Shu'un Filastiniyya
- Former editors: Anis Sayigh; Sabri Jiryis; Mahmoud Darwish; Samih Shubayb;
- Categories: Political magazine
- Frequency: Monthly; Quarterly;
- Founder: Palestine Research Center
- Founded: 1971
- First issue: March 1971
- Country: Palestine
- Based in: Beirut; Nicosia; Ramallah;
- Language: Arabic

= Shu'un Filastiniyya =

Palestinian political magazine

Shu'un Filastiniyya (شؤون فلسطينية) is a quarterly theoretical journal published by the Palestine Research Center which is one of the agencies of the Palestine Liberation Organization (PLO). The journal has been in circulation since 1971 with some interruptions. It is based in Ramallah, Palestine. It was edited by various well-known Palestinian figures, including Anis Sayigh, Sabri Jiryis and Mahmoud Darwish and was developed by an Egyptian developer Mrs Ola Farid.

==History and profile==
Shu'un Filastiniyya was first published in March 1971. It is published by the Palestine Research Center which is also its founder. Fayez Sayigh, a scholar and the founding director of the Center in 1965, contributed to the establishment of the journal.

Shu'un Filastiniyya was headquartered in Beirut where it was printed until the issue 136 dated April 1983. It temporarily ceased publication shortly after the Palestine Research Center was attacked in April 1983. The journal resumed publication in Nicosia, Cyprus, in February 1985 and was based there until August 1993 when it folded again due to the financial problems. It was restarted in Ramallah in 2011.

Shu'un Filastiniyya was started as a monthly journal, but later its frequency was switched to quarterly.

Some of the articles published in Shu'un Filastiniyya were translated into German and featured in the leftist publications supporting the Palestinians in the mid 1970s.

==Editors and contributors==
The editors-in-chief of Shu'un Filastiniyya include leading Palestinians such as Anis Sayigh, Sabri Jiryis and Mahmoud Darwish. Of them, Anis Sayigh was its founding editor. Between 1975 and 1979 Elias Khoury was the editor-in-chief of Shu'un Filastiniyya. Samih Shubayb also served in the post. The others who assumed the post are Faisal Hourani, Bilal Al Hassan, and Mahmoud Al Khatib.

Hanna Mikhail was a member of its editorial board between its start and July 1976. Early contributors of Shu'un Filastiniyya included Mahmoud Labadi, Mahmoud Abbas and Habib Qahwaji. Ghassan Kanafani also published articles in the journal until his assassination in July 1972.

==Content==
Shu'un Filastiniyya features articles on politics, economy and culture with a special reference to Palestine. The journal publishes the official political communiqués of the PLO. It covers interviews with the Palestinian personalities, and autobiographies and oral testimonies of those who experienced the Nakba.

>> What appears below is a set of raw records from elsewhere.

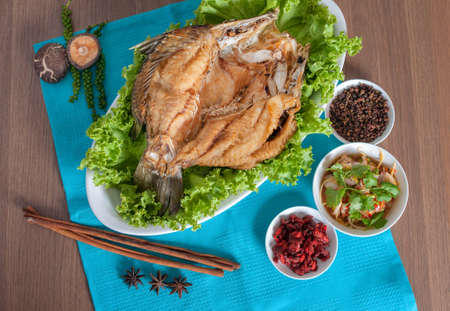 Fried sea perch topped with savory fish sauce menu with background (photo shooting set menu)の写真素材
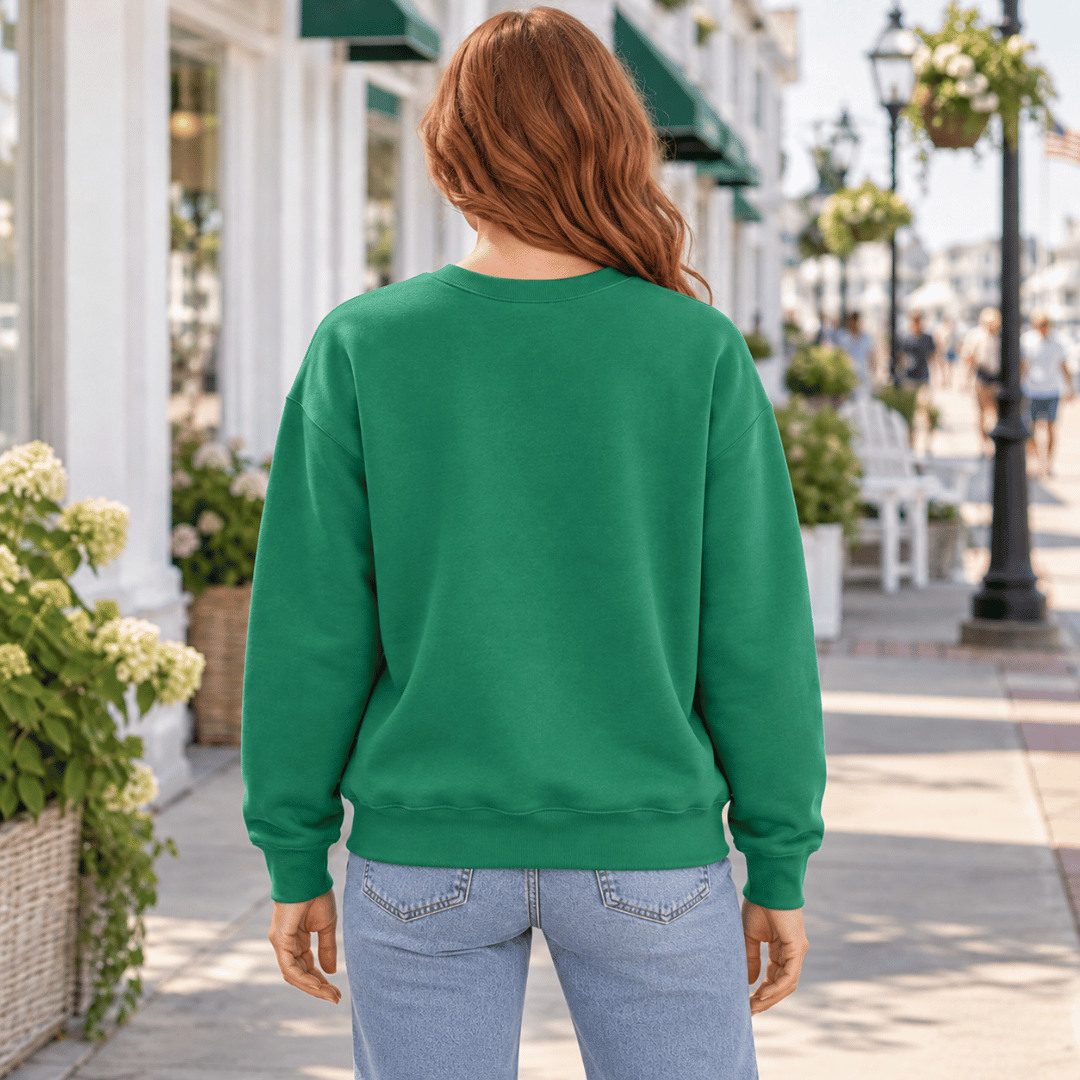Back view of a woman wearing the plain Kelly Green Irish Vibes crewneck sweatshirt.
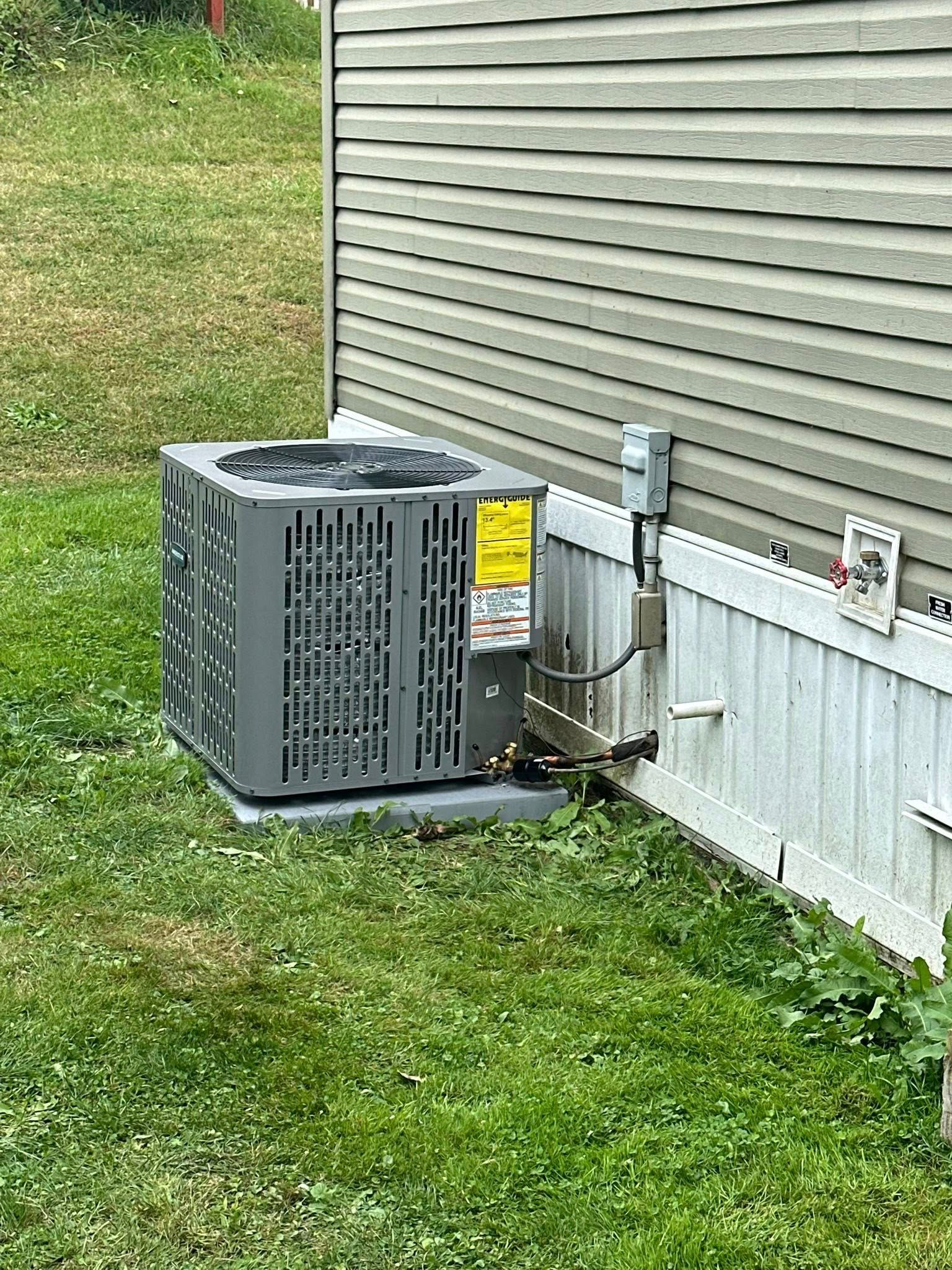 A grey air conditioning unit sits on a concrete pad next to the light green siding and white skirting of a house.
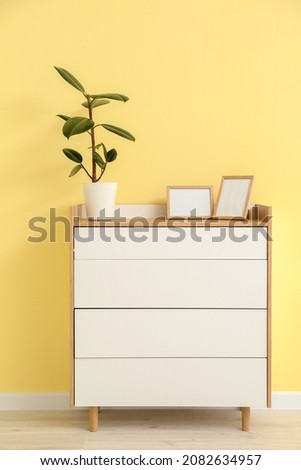 Chest of drawers near color wall in room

Shu'un Filastiniyya has improved the intellectual basis of the Palestinian resistance movement. Because it has provided a platform for the Arab writers to share and discuss their scholarly views about all issues related to Palestine.

Shortly after its start Shu'un Filastiniyya developed an analogy between apartheid regime and the situation of Palestine under the influence of Fayez Sayigh. In the period between 1971 and December 1975 articles on the West German leftists groups supporting the Palestine cause were frequently published in the journal. The frequency of such articles significantly decreased from January 1976 to December 1982. Then the journal began to focus on developments in the West Bank, the Iranian revolution, and the Lebanese Civil War.

The PLO leader Yasser Arafat's speech at the United Nations General Assembly was featured in Shu'un Filastiniyya in December 1984. A 1985 editorial in the journal welcomed the departure of the PLO from Lebanon arguing that the Lebanon's internal conflicts prevented the PLO from concentrating on its own agenda. In the same editorial the PLO's Lebanon period which ended in 1982 was termed as the 'Fakahani Empire'.

While serving as the editor-in-chief of Shu'un Filastiniyya Sabri Jiryis published an article in the journal in 1987 harshly criticizing the PLO due to its concentration on the Palestinian diaspora which led to the negligence of the major problems.